Optimal QAT bit width for different memory budgets and total training budgets. We use the loss corresponding to the optimal QAT fraction. For training FLOPs, we use the estimation $C \sim 6ND$. The white area corresponds to $D < N$, which is not practically important

QAT accuracy vs full-precision

One perspective to plan QAT from is from the idea "when can we match full-precision performance?" The loss scaling law can help with that! We can compare each specific QAT bit-width for different token counts to full-precision performance. As expected, larger models tolerate lower bit-widths better, which has implications for choosing which bit-width to train.

Difference in perplexity between FP loss scaling law and QAT loss scaling law for two model sizes. For QAT, the loss corresponding to the optimal QAT fraction is used. Values below 0 correspond to QAT performing better than the FP model. It is clearly observed that the ability of QAT to match FP loss is greatly influenced by model size and token count. In particular, larger models are able to tolerate lower QAT precision for higher total token count budgets.

Cooldown & QAT Fusion

Standard training performs learning rate cooldown on the full-precision model, then re-warms the learning rate for QAT. We speculate that those carefully adjusted weights during FP cooldown are almost discarded when quantization is initialized.

We propose cooldown & QAT fusion: skip the FP cooldown phase and perform learning rate decay jointly with QAT instead.

Comparison between two different QAT schemes. In both setups, the QAT fraction is 40%. Red-shaded areas indicate zones with lowered learning rate, which we expect to correspond to minor weight updates that get effectively ignored by QAT initialization. **On the left,** classic QAT scheme visualization: QAT follows fully completed FP training that ends with 20% (of FP training length) learning rate decay. For QAT, the learning rate follows a cosine shape with 5% re-warmup phase. **On the right,** the cooldown & QAT fusion scheme is displayed. QAT starts directly from the constant learning rate stage with small re-warmup, effectively resuming the FP learning rate scheduler as if QAT was not present at all. QAT ends with 20% cooldown (of total training length). As QAT follows the classic FP learning rate recipe with usual cooldown, we call this approach cooldown & QAT fusion

Results

QAT fusion shows good results on 4-bit and 6-bit QAT across different model sizes. We also experimented with lower bits, but gains there were not as evident. We believe this is because for lower bits, the optimal QAT fraction is quite high, which makes the effect from QAT fusion less noticeable.

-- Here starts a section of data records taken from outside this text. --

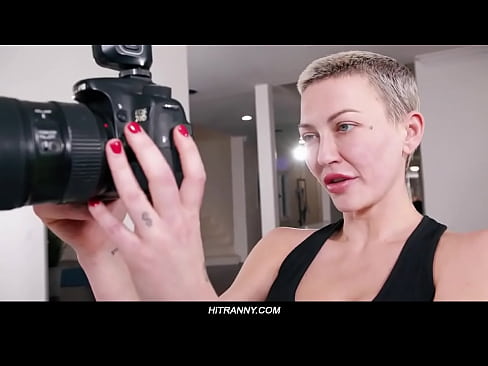 Photoshoot becomes a wild transgender sex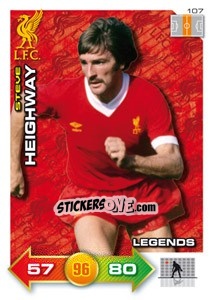 Sticker Steve Heighway - Liverpool FC 2011-2012. Adrenalyn XL - Panini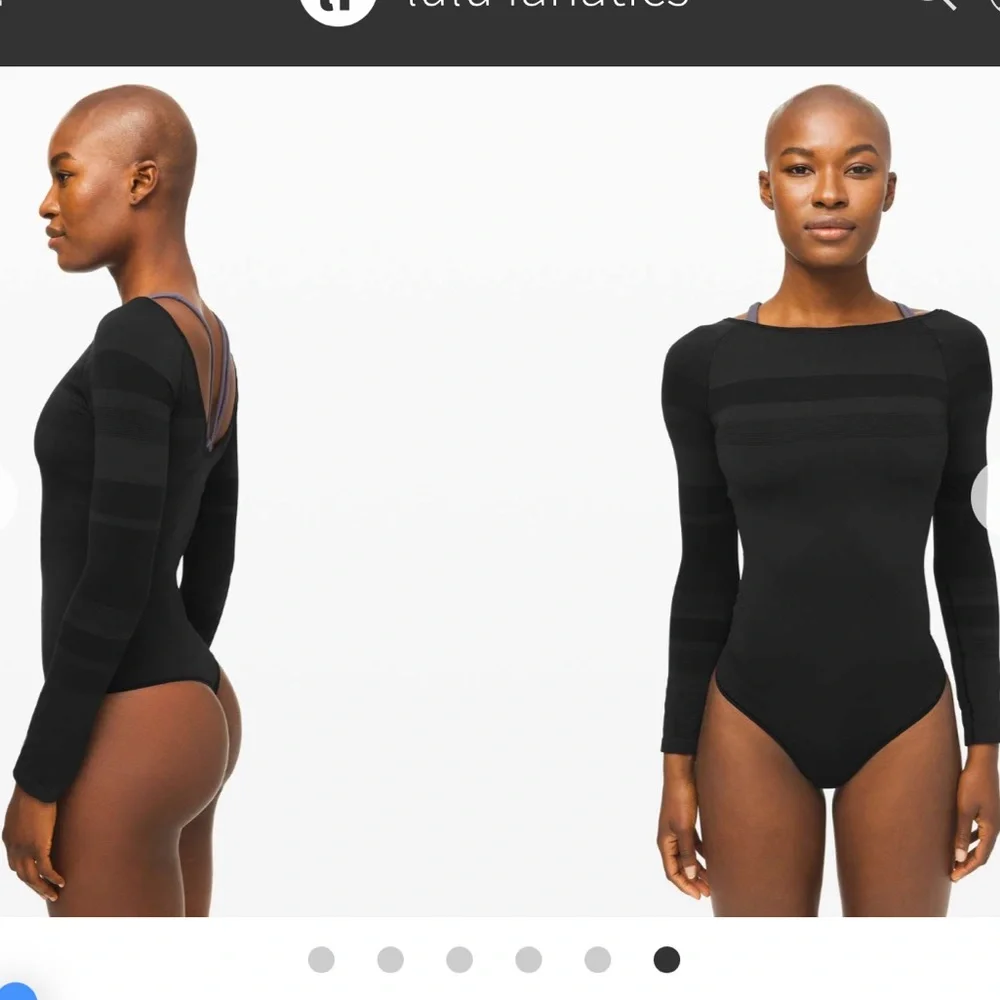 Lululemon Gleam and Glow Bodysuit Size XL - Picture 3 of 10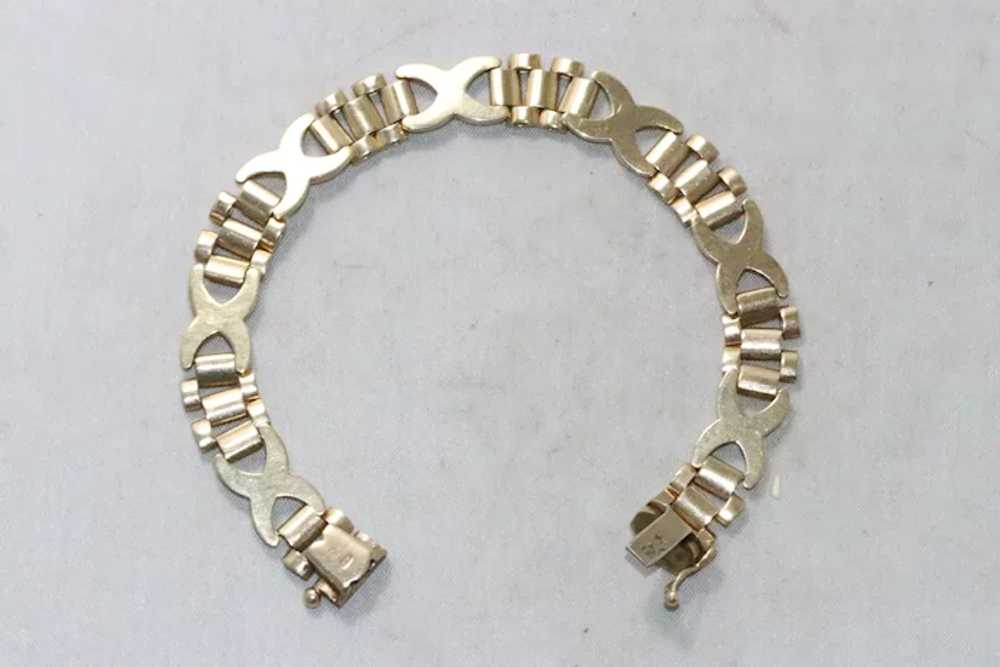 Vintage 14 KT Yellow Gold Bracelet - image 3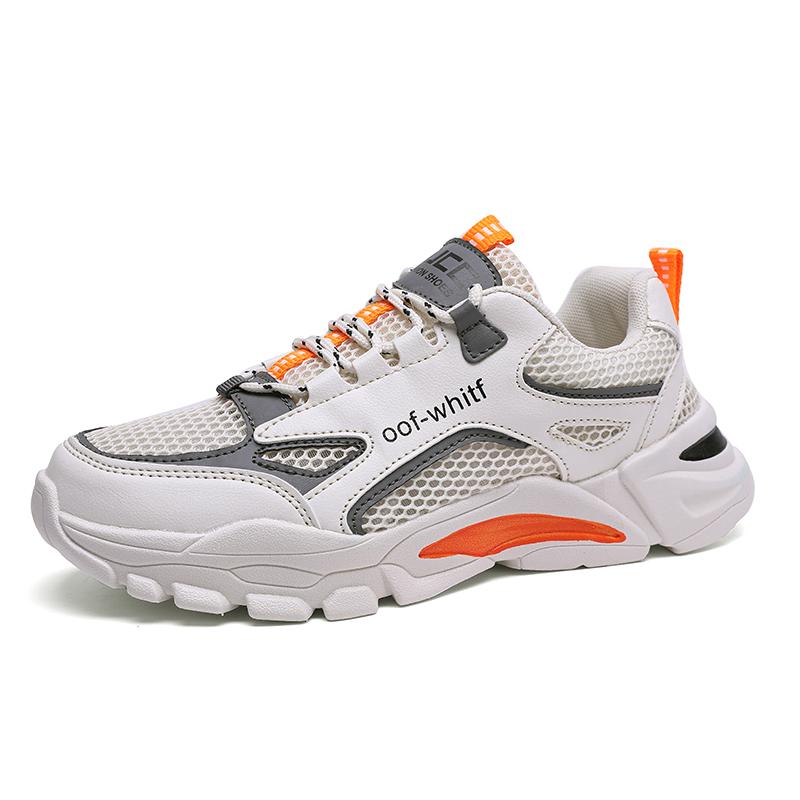 Men's Breathable Mesh Hollow Out Casual Sports Shoes Summer Outdoor Soft Sole Comfort Running Shoes Fashion Students Sneakers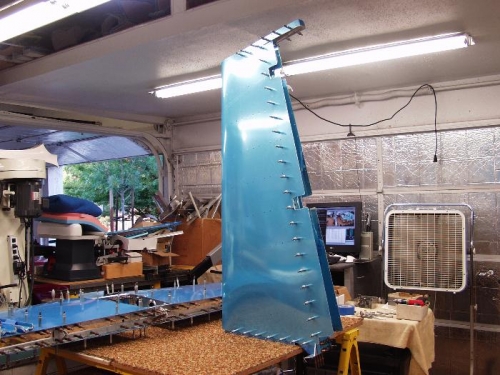 Rudder Skin Test Fit - Right Side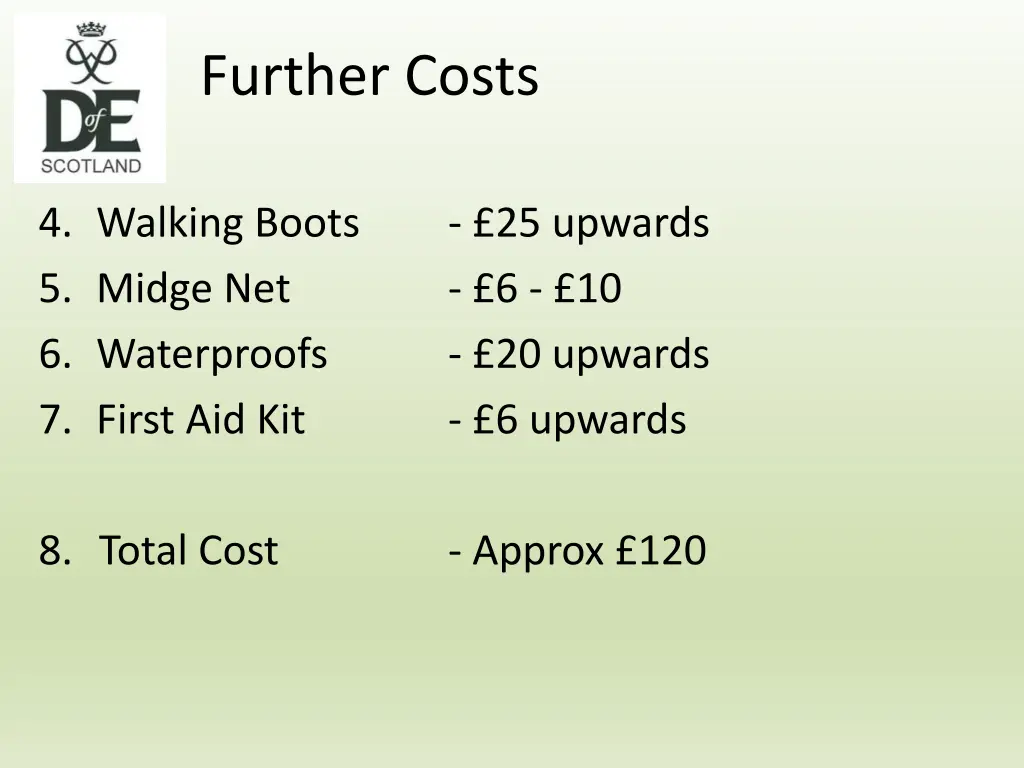 further costs 2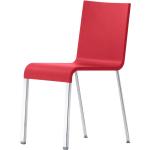 Chaises design Vitra rouges empilables 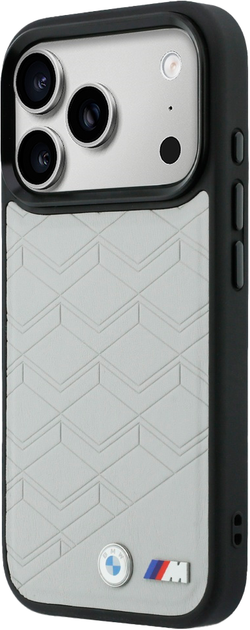 Etui BMW M Shape Logo MagSafe do Apple iPhone 17 Pro Max Grey (3666339481353) - obraz 2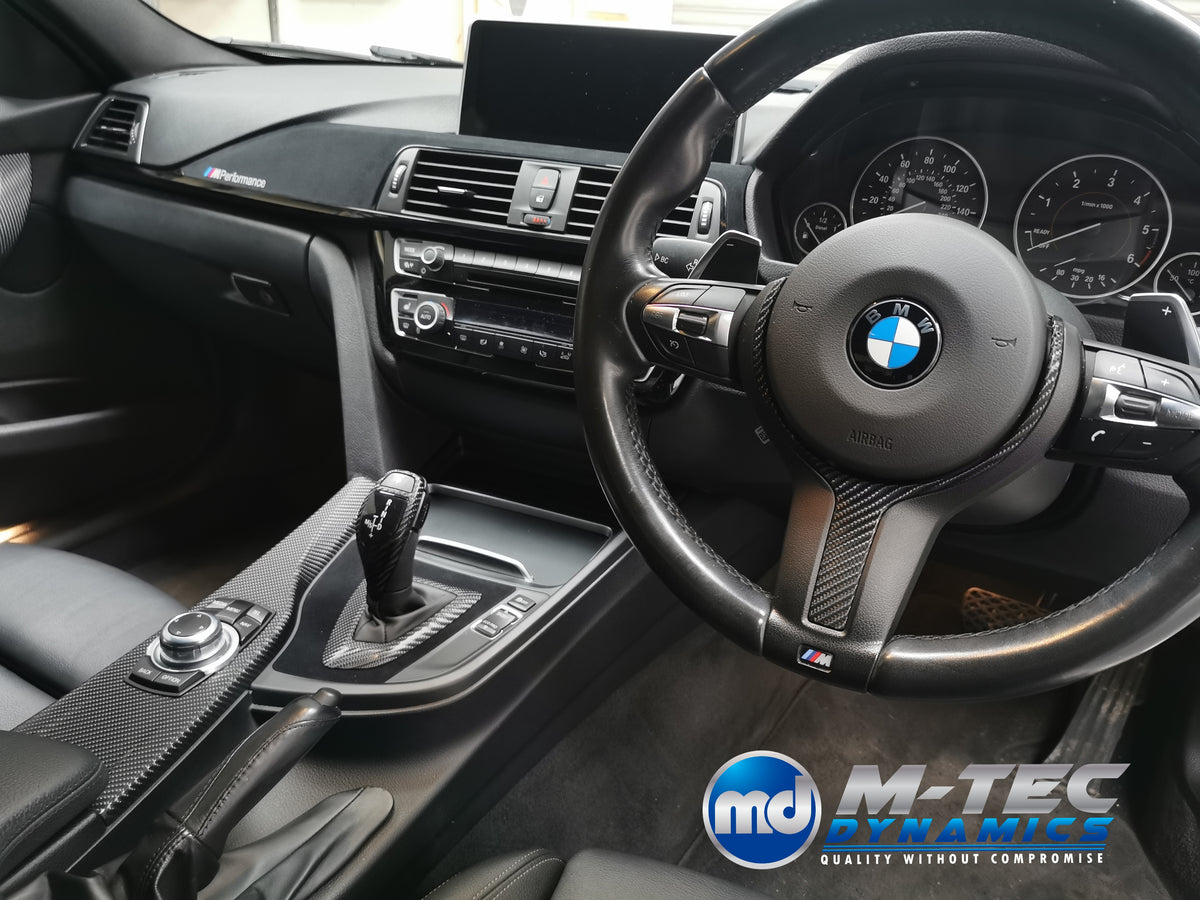 WRAPPING SERVICE - BMW F3X INTERIOR TRIM SET - 4D CARBON / ALCANTARA - (F30 F31 F32 F33 F36)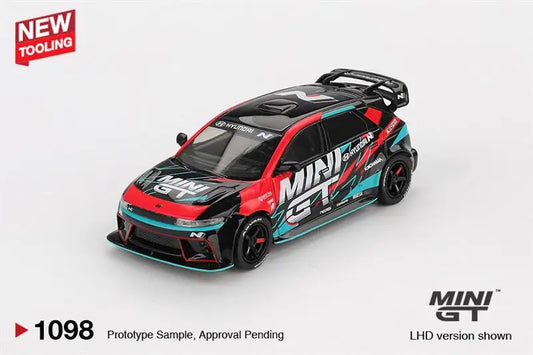 MINI GT 1:64 Hyundai Ioniq 5N RS-01T Tokyo Auto Salon 2025 Die-Cast Car Model Miniature Gifts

Accuracy comparison between the classic QAT scheme and the cooldown & QAT fusion training scheme. The loss difference is reported in “wasted tokens”—the difference in total token count between optimal QAT fraction loss points in the loss scaling law. Substantial improvements are noticeable across different model sizes and token counts.

The perplexity improvements translate to billions of tokens' worth of compute saved.

Implementation Guidelines

If you're planning QAT, consider the following steps:

Calculate tokens-per-parameter-byte and use it to predict optimal QAT fraction instead of assuming 10%.
Budget compute appropriately — optimal fractions can exceed 50% for large-scale training.
Implement cooldown & QAT fusion — it's a simple scheduler change with noticeable compute savings.
Choose bit-width based on constraints — use the scaling law to optimize for your memory and compute budget.
Pay extra attention to low-bit QAT — suboptimal fractions are much more costly for 1-2 bit quantization than 6-bit.

Conclusions

Efficient quantized model training requires careful compute allocation between full-precision and quantization-aware phases. The optimal QAT fraction isn't fixed—it increases with scale, from 10% to 50% or higher depending on tokens per parameter byte.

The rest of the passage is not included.